> **Dataset section**:
****************
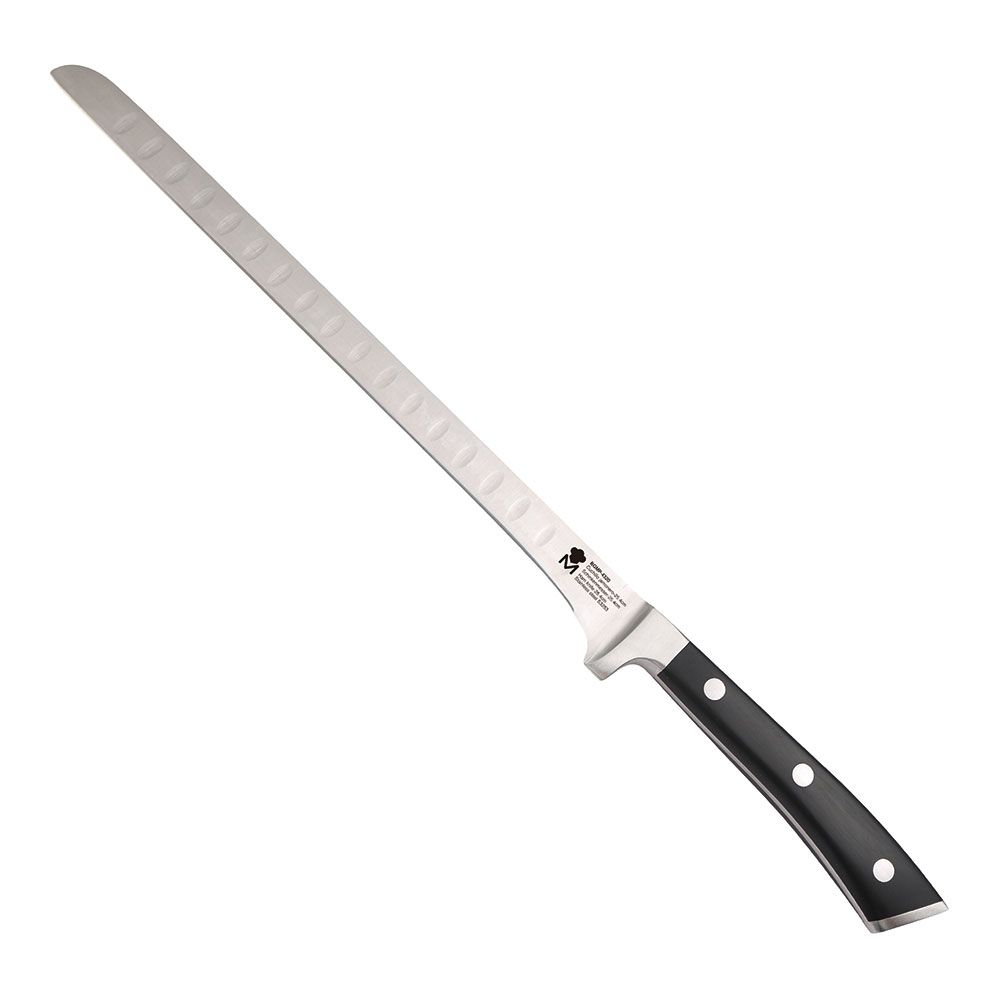 CUCHILLO JAMONERO ACERO INOX FOODIES 25,4 cm - Imagen 2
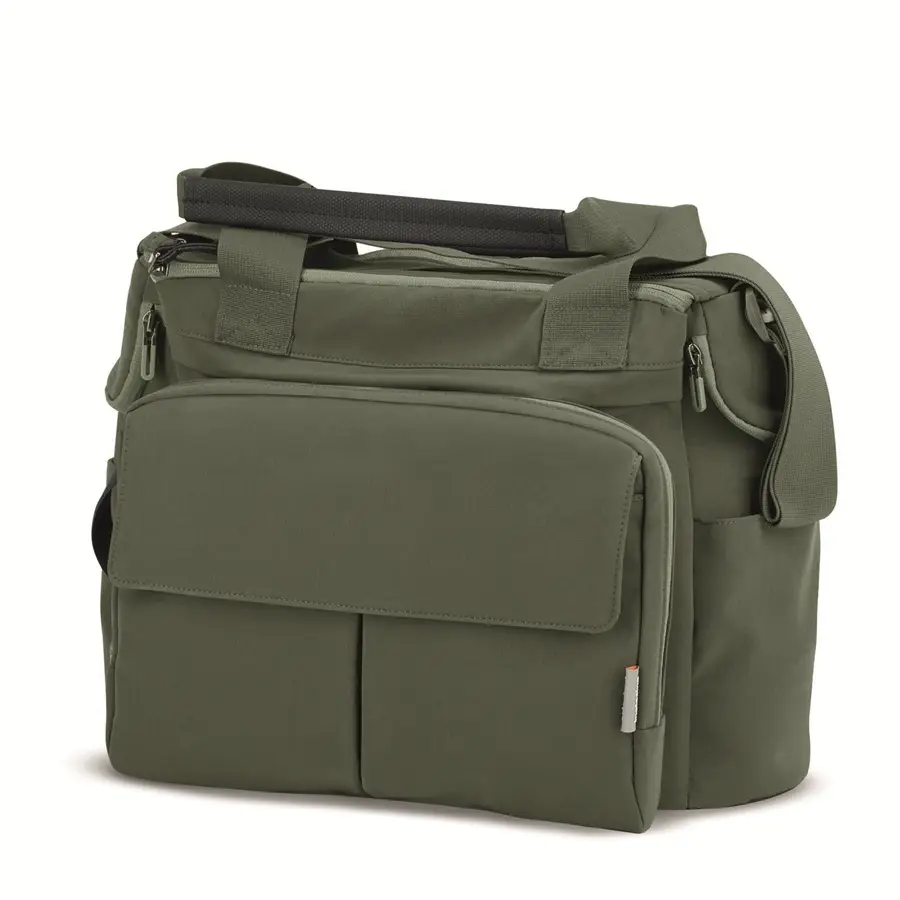 Inglesina prebaľovacia taška Dual Bag Loft Green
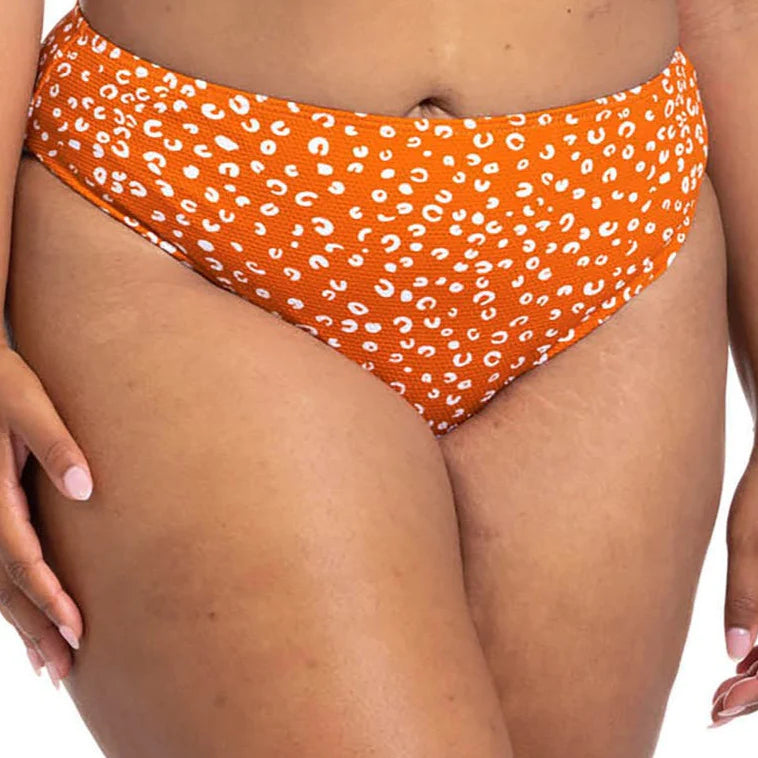 Copper Che'tah Monet Mid Rise Bottom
****************
> **Instructions for the task**: Starting with the line that contains "Inglesina prebaľovacia taška", repeat each line exactly until the listing ends, including the last one. Leave pictures out.

> **Solution for this exercise**:
 Inglesina prebaľovacia taška Dual Bag Loft Green
 Copper Che'tah Monet Mid Rise Bottom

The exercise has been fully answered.